March 3rd, 2025

The art of the vibe

This is a write-up about the making of Vibe HN, a daily LLM-powered editorialization of Hacker News.

I’m currently working on rewiring my information consumption habits—moving away from a stream-based approach toward something that better protects my focus. I’ve already cleaned up my inbox, removed impersonal emails, and funneled the newsletters that actually interest me into an RSS reader that I check maybe once a day—on my own terms.

After all this, and having reacquainted myself with an RSS reader, I tentatively added some RSS feeds as well. But this quickly felt like a regression: I was reintroducing the very pattern I had sought to eliminate—an overwhelming stream of notifications.

This is, of course, the nature of RSS feeds as they’re conventionally designed (even for this site). The same goes for the Hacker News feed. But what I wanted was a daily version—something that distilled the top stories and their best discussions. Since I couldn’t find anything quite like that, I decided to build it myself.

By the way: I have a hypothesis that emerging web x.0 media could benefit significantly from better packaging. The "information ergonomics" of traditional formats like magazines and newspapers are underappreciated and might have outsized potential in the age of dynamic sources and LLMs—in my opinion.
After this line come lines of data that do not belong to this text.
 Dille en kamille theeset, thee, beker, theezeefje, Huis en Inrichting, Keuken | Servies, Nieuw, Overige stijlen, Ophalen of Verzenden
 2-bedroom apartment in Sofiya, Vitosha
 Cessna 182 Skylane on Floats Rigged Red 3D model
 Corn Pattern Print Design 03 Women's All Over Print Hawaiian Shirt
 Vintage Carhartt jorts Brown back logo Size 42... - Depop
This side project started taking shape as a small bet in that direction. At the same time, like all good side projects, it aligned with other motivations:

  • Learning more about LLM APIs.
  • Experimenting with RSS feeds for personal use.
  • Testing Google Sheets as a lightweight database for prototypes.
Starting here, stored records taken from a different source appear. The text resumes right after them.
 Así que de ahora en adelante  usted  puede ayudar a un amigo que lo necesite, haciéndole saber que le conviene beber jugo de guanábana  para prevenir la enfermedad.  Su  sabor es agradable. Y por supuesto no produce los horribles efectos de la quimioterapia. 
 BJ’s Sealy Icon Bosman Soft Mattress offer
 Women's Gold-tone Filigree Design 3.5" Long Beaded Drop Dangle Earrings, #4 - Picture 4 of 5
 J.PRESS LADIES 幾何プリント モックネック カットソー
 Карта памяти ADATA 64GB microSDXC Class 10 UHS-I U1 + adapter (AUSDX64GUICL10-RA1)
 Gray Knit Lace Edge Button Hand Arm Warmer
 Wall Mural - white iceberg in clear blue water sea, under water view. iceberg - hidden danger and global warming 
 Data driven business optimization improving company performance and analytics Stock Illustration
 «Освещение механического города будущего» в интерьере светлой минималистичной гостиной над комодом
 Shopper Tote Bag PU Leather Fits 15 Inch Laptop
I didn't anticipate uncovering any major insights about LLMs while building this automated news digest—but I found this one noteworthy:

When employing LLMs for creative writing, chaining completions across different tasks yields better results than any single-shot prompt.

Interestingly, this aligns with conventional advice on creative writing: Separate writing from editing. First, generate freely. Then, edit ruthlessly.

I arrived at this realization by accident. Initially, I kept refining a single prompt, trying to force a better output. But I encountered the same issue I’ve often had with Midjourney—fixing one part only created new problems elsewhere, like pressing on a balloon: fix one part, and another bulges out.

It makes me wonder—what other well-established heuristics for optimizing human cognition might apply to working with LLMs?